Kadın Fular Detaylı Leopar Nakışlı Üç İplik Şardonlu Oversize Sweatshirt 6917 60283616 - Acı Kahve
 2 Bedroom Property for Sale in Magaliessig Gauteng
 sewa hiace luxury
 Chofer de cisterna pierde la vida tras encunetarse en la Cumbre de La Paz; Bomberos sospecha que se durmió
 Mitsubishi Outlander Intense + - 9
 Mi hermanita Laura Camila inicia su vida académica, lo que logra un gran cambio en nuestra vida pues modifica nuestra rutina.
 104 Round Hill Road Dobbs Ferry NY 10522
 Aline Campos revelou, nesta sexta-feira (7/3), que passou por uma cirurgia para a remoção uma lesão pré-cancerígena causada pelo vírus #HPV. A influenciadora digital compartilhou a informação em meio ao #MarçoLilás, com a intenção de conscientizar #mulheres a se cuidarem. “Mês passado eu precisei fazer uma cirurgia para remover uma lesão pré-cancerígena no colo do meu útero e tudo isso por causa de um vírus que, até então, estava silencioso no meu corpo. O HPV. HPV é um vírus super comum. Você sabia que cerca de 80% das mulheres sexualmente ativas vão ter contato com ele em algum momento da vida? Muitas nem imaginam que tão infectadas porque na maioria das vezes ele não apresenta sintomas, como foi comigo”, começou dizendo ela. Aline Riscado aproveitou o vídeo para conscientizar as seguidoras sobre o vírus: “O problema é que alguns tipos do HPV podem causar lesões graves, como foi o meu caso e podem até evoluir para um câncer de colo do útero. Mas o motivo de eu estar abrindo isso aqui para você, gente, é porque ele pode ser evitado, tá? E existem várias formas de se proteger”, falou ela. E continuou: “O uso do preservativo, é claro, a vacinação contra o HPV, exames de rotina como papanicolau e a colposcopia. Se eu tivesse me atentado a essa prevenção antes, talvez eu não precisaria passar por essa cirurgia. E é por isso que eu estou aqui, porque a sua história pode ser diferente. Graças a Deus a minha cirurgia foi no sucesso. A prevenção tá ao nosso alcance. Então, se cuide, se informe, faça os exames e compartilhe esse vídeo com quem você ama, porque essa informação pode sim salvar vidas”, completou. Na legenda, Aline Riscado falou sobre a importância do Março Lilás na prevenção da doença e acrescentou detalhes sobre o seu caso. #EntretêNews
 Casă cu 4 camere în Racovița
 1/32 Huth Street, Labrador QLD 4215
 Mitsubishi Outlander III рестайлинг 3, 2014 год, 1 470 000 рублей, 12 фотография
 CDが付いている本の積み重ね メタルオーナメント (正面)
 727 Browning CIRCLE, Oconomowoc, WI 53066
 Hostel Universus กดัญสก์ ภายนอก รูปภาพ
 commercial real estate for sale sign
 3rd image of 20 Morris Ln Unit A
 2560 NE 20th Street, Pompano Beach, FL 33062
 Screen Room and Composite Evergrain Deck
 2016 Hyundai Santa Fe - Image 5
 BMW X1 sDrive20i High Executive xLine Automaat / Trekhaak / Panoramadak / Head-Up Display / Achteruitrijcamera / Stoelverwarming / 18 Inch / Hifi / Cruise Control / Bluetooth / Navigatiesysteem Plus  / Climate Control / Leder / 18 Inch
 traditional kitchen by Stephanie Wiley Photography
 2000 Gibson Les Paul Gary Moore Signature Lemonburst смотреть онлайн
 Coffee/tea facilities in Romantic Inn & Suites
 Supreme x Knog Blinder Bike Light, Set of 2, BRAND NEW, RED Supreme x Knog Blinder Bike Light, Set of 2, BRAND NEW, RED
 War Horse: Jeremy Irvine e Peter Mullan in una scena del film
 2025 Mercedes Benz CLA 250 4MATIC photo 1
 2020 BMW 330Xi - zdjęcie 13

##########

## Problem to solve
Begin at the top of the listing above and set down each line exactly. Stop after the line that contains "104 Round Hill Road Dobbs Ferry NY 10522".

## Solution to the exercise
Kadın Fular Detaylı Leopar Nakışlı Üç İplik Şardonlu Oversize Sweatshirt 6917 60283616 - Acı Kahve
 2 Bedroom Property for Sale in Magaliessig Gauteng
 sewa hiace luxury
 Chofer de cisterna pierde la vida tras encunetarse en la Cumbre de La Paz; Bomberos sospecha que se durmió
 Mitsubishi Outlander Intense + - 9
 Mi hermanita Laura Camila inicia su vida académica, lo que logra un gran cambio en nuestra vida pues modifica nuestra rutina.
 104 Round Hill Road Dobbs Ferry NY 10522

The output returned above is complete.